## Your task
Top to bottom, give the entries again exactly as written.

(Caption-style text data)

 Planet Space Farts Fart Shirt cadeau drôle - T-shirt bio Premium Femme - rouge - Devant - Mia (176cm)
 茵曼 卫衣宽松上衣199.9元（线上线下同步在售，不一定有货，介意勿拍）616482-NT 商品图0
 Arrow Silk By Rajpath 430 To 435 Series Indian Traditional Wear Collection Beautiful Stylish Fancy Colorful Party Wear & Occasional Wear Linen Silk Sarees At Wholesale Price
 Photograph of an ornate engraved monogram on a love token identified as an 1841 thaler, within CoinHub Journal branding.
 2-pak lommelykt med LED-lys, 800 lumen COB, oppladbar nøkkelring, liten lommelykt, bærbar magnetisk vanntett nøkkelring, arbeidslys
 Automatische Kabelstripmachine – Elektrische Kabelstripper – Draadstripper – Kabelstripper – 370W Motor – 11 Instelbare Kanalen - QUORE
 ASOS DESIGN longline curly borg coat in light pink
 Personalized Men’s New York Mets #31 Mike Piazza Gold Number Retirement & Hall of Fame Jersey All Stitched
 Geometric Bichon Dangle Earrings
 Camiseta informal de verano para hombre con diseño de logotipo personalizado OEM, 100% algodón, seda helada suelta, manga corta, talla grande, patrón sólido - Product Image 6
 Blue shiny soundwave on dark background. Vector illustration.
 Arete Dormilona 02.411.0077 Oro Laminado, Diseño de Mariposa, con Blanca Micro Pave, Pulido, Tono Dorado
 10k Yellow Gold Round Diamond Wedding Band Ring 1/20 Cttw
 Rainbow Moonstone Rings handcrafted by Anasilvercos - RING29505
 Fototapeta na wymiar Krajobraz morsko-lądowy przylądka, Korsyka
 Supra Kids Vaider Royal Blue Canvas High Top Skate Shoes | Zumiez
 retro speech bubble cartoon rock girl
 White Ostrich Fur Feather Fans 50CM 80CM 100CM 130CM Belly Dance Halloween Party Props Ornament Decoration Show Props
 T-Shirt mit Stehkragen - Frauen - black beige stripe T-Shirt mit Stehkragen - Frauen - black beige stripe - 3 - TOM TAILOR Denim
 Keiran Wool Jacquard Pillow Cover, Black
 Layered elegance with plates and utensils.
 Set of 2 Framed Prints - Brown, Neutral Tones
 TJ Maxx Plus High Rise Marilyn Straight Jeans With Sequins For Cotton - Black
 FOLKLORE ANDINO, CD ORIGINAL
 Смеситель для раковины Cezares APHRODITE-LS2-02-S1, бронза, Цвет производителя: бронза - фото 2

## Written answer
 Planet Space Farts Fart Shirt cadeau drôle - T-shirt bio Premium Femme - rouge - Devant - Mia (176cm)
 茵曼 卫衣宽松上衣199.9元（线上线下同步在售，不一定有货，介意勿拍）616482-NT 商品图0
 Arrow Silk By Rajpath 430 To 435 Series Indian Traditional Wear Collection Beautiful Stylish Fancy Colorful Party Wear & Occasional Wear Linen Silk Sarees At Wholesale Price
 Photograph of an ornate engraved monogram on a love token identified as an 1841 thaler, within CoinHub Journal branding.
 2-pak lommelykt med LED-lys, 800 lumen COB, oppladbar nøkkelring, liten lommelykt, bærbar magnetisk vanntett nøkkelring, arbeidslys
 Automatische Kabelstripmachine – Elektrische Kabelstripper – Draadstripper – Kabelstripper – 370W Motor – 11 Instelbare Kanalen - QUORE
 ASOS DESIGN longline curly borg coat in light pink
 Personalized Men’s New York Mets #31 Mike Piazza Gold Number Retirement & Hall of Fame Jersey All Stitched
 Geometric Bichon Dangle Earrings
 Camiseta informal de verano para hombre con diseño de logotipo personalizado OEM, 100% algodón, seda helada suelta, manga corta, talla grande, patrón sólido - Product Image 6
 Blue shiny soundwave on dark background. Vector illustration.
 Arete Dormilona 02.411.0077 Oro Laminado, Diseño de Mariposa, con Blanca Micro Pave, Pulido, Tono Dorado
 10k Yellow Gold Round Diamond Wedding Band Ring 1/20 Cttw
 Rainbow Moonstone Rings handcrafted by Anasilvercos - RING29505
 Fototapeta na wymiar Krajobraz morsko-lądowy przylądka, Korsyka
 Supra Kids Vaider Royal Blue Canvas High Top Skate Shoes | Zumiez
 retro speech bubble cartoon rock girl
 White Ostrich Fur Feather Fans 50CM 80CM 100CM 130CM Belly Dance Halloween Party Props Ornament Decoration Show Props
 T-Shirt mit Stehkragen - Frauen - black beige stripe T-Shirt mit Stehkragen - Frauen - black beige stripe - 3 - TOM TAILOR Denim
 Keiran Wool Jacquard Pillow Cover, Black
 Layered elegance with plates and utensils.
 Set of 2 Framed Prints - Brown, Neutral Tones
 TJ Maxx Plus High Rise Marilyn Straight Jeans With Sequins For Cotton - Black
 FOLKLORE ANDINO, CD ORIGINAL
 Смеситель для раковины Cezares APHRODITE-LS2-02-S1, бронза, Цвет производителя: бронза - фото 2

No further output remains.